--- Instructions for the task ---
Give back, exactly and with nothing else, the lines running from the one that contains "Toyota YARIS CROSS 2025" to the end of the entries below; do not include pictures.

--- Data excerpts ---
+--
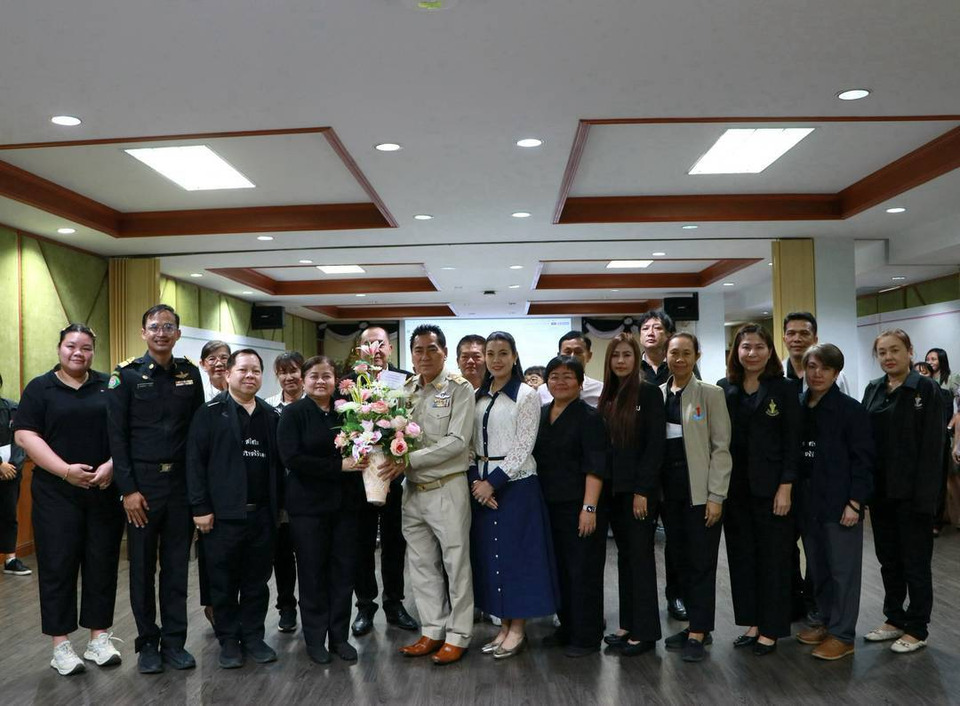 แสดงความยินดีกับ นวรัตน์ อยู่บำรุง สมาชิกสภา กทม.เขตหนองแขม 
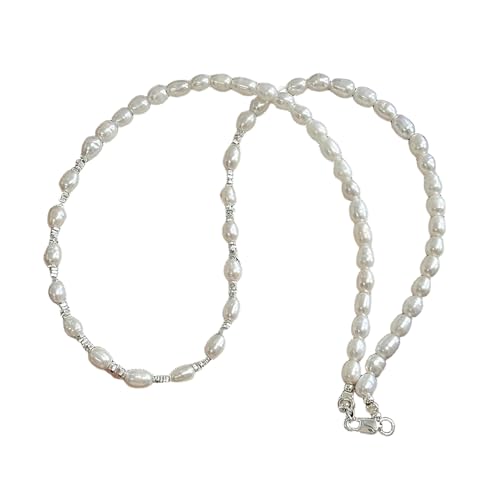 Collier de perles d'eau douce naturelles, le bijou discret pour votre look de bureau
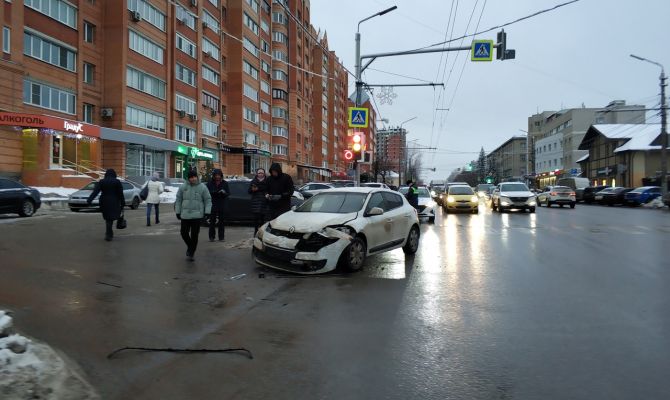 В Туле на пересечении улиц Орловской и Болдина столкнулись две иномарки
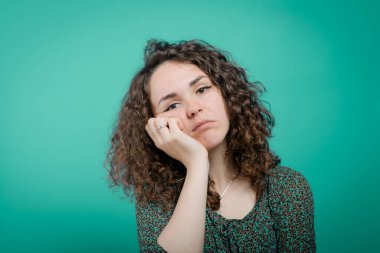 Kadın stüdyo geçmişine karşı düşünüyor.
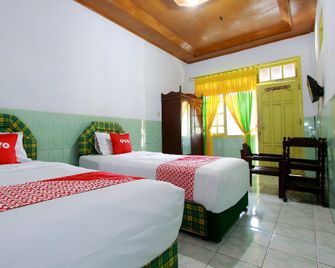 OYO 1865 Hotel Ss Syariah - Bengkulu City - Habitación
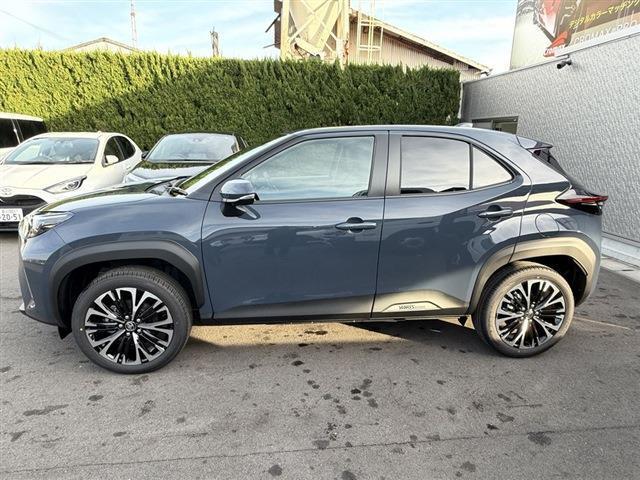 Toyota YARIS CROSS 2025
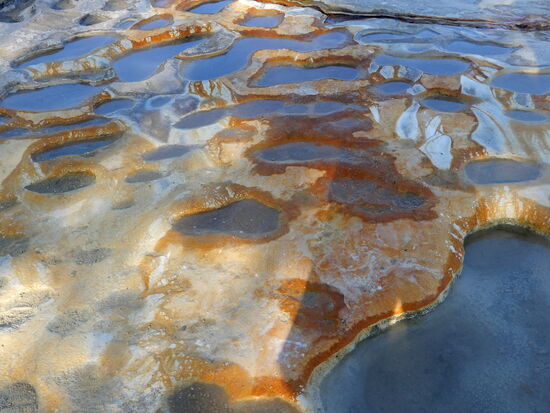 Sinter durch eisenoxiydhaltes Wasser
+--
--- Reply ---
 Toyota YARIS CROSS 2025
 Sinter durch eisenoxiydhaltes Wasser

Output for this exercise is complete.